The servent also has an (artificial) triple

OWN := (1,own_files,own_kibibytes)

which contains the resources that the servent itself contributes to the network (a 1 for the number of nodes and the current number of shared files and kibibytes of the servent). OWN must be set to (1,0,0) if the servent currently does not share any files (or doesn't want to announce that it shares any). The triple must be updated whenever these figures change (e.g. when shared files are re-scanned or when the servent decides to start or stop sharing).
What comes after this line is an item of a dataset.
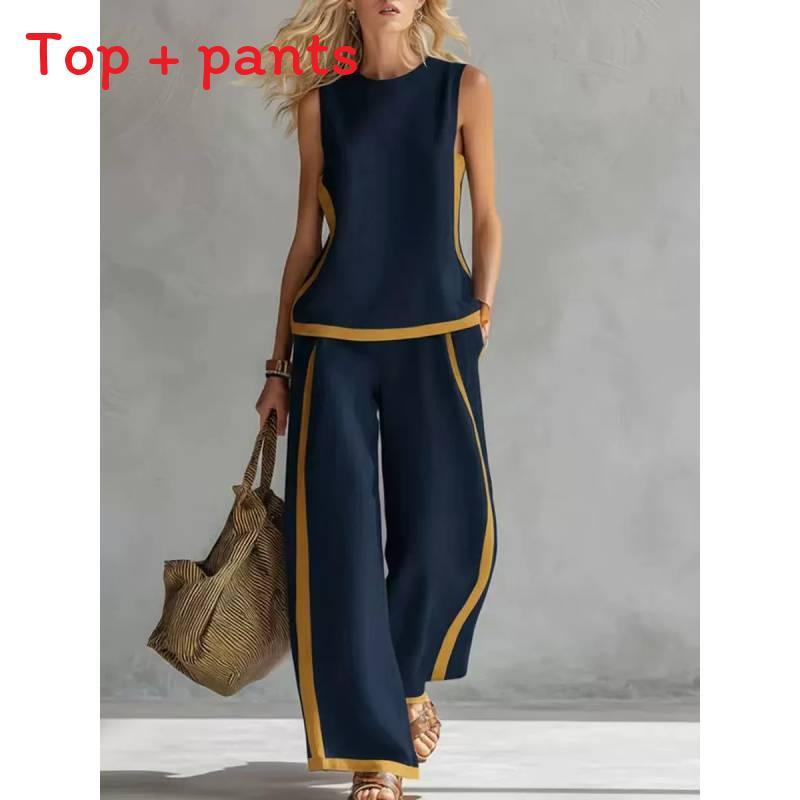 Tuta da donna estiva senza maniche a blocchi di colore con tasche e inserti per abbigliamento casual
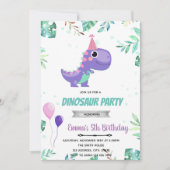 Invitation Dinosaure violet rose (Devant)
The array triples H[0] and H_(N_i)[0] (for all i) will remain (0,0,0) throughout the protocol (because they are never changed), which simplifies the update algorithm a little.

Handshaking

In the proposed Gnutella extension a connecting servent must announce its capability of supporting HSEP at connection time and must check the HSEP capability of the servent it connects to. This only refers to Gnet connections, not to download/upload connections. HSEP can only be enabled if both servents support the same protocol version of HSEP.

The HSEP-capability is indicated by making use of the "X-Features" header in the Gnet handshaking phase. The feature is called "HSEP" with version "0.2", e.g. a header could look like this:

X-Features: HSEP/0.2, ...

After learning the HSEP capability of the peer servent by inspecting the "X-Features" header of the peer's connection request or reply (depending on which side initiated the connection), the servent can continue and use the protocol version that both servents understand (which currently means that the versions must be equal) or choose to either continue without using HSEP or to terminate the connection.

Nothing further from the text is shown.